Over time, some websites became universal, like google search, and then wikipedia. As more of these cropped up, advertisers gained a foothold. Before, ads were not seen as very profitable despite the number of people using the internet, but as more people flocked to specific sites, this allowed advertisers to target large parts of the population with less cost to them. And as more people on youtube became dependent on them for their income and livelihood, this gave advertisers more power to put pressure on them and the platform, gradually making things worse as the revenue stream took priority over creators and viewers. The solution would have been to make youtube publicly funded, like PBS, but that opportunity has passed, and the shareholders hunger for more as they always will.
And with centralization comes a greater capacity for control. The internet's no longer an on/off switch kind of thing, governments can easily put pressure on a corporation and so put pressure on huge chunks of the internet, even if the internet is still resilient to damage to the network.
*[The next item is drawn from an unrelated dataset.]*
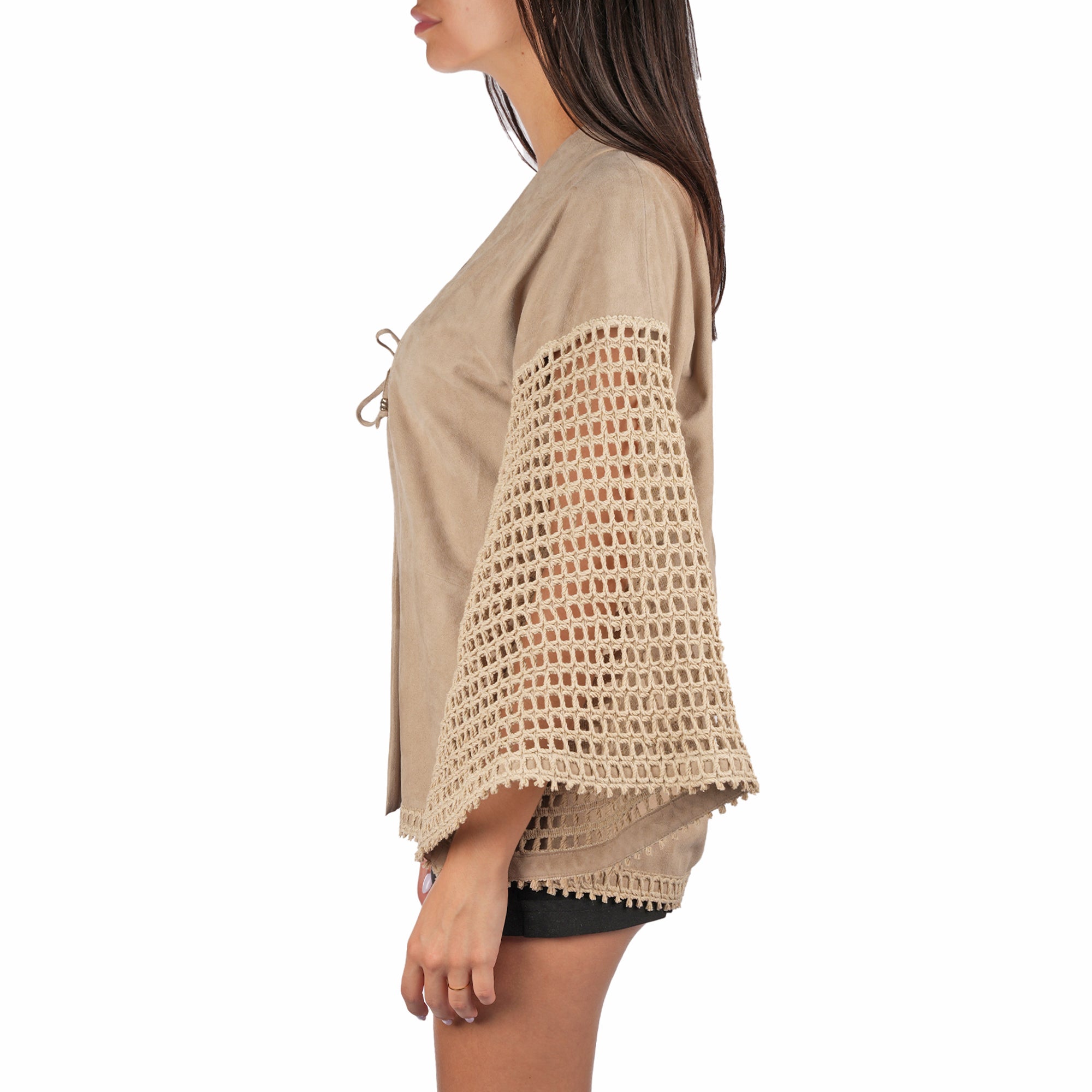 AD5700 Kimono Camoscio Beige + Uncinetto Corda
Which is where we come back to the present, where governments and organizations have all in the same month pushed forward plans that will make it harder to access wikipedia for some for a time, will attempt to force adults to share their private information with corporations, and so on. They've been trying to pull this off for decades, and now is their chance to do it.
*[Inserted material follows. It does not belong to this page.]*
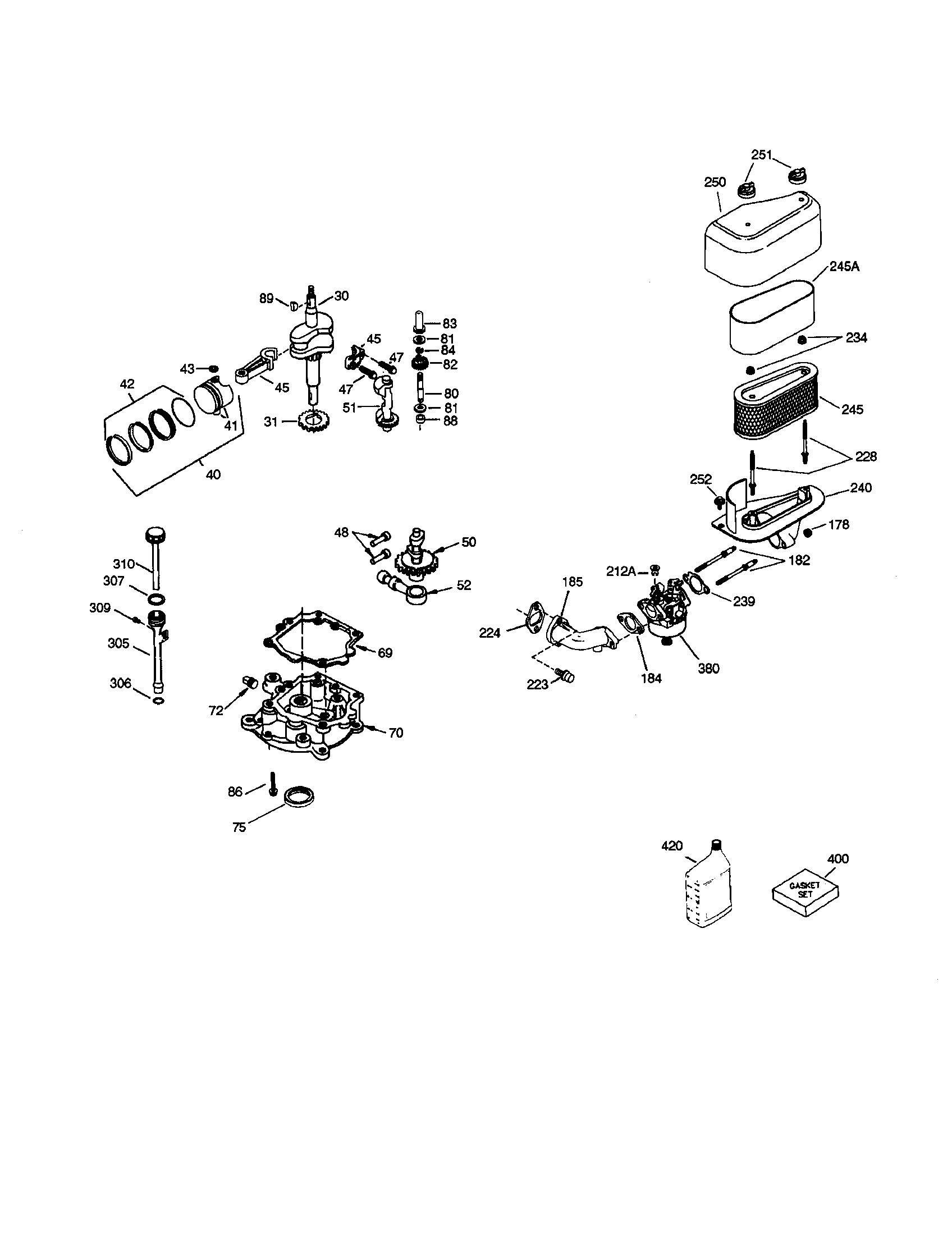 CRANKSHAFT AND AIR CLEANER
Over the next five years, expect to see news reports of corporations posing as identity verification groups selling or leaking private data online. But most importantly, look back on cabaret laws and licenses in the US. Even when people followed the rules, paid the fees, got their licenses, they would still be raided by police, taken to court, and punished to such a degree that they could no longer afford to perform for the public. Ultimately, the reason for these laws wasn't to keep the noise down, it was to kill off a culture that was becoming popular, to control the people without them realizing they were losing choices. You can't go to a club that never existed.
Read up on the past, and focus on how the government utilized its power, that will give you an idea of what they will be doing, and the real reasons why. It won't tell you who the specific targets are, that's too modern, but their methods don't really change that much from decade to decade, and you can easily learn those.
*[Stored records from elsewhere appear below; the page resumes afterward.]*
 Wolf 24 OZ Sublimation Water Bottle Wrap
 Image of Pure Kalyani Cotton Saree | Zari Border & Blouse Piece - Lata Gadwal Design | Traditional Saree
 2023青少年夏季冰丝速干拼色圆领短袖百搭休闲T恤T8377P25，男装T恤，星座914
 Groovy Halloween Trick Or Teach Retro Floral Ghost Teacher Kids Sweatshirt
As for fighting back, it's too late. The problems the governments used to have are now solved, everyone uses the same top ten sites daily, everyone's emails are tied to the same corporations, and this last push looks like it's been planned for a long time. Otherwise, it's weird that steam and wikipedia and all of social media, youtube and reddit, all are being targeted by different actors in the same month for similar reasons leading to the same result.
Maybe if they push the issue hard enough the internet will splinter and decentralize all over again.
Pretty much. I fully expect one of Trump's future obsessions in the next four years to be some kind of draconian Internet censorship that makes KOSA look tame.
NSFW content bans are just the start - we're likely to see attempts at completely silencing any non-MAGA media outlets and social spaces within this administration. Many of which will end up being successful.
Some big names are gonna get taken down. Reddit and Bluesky just to start.
Personally I'm waiting for the internet to be recognized as some form of country or something.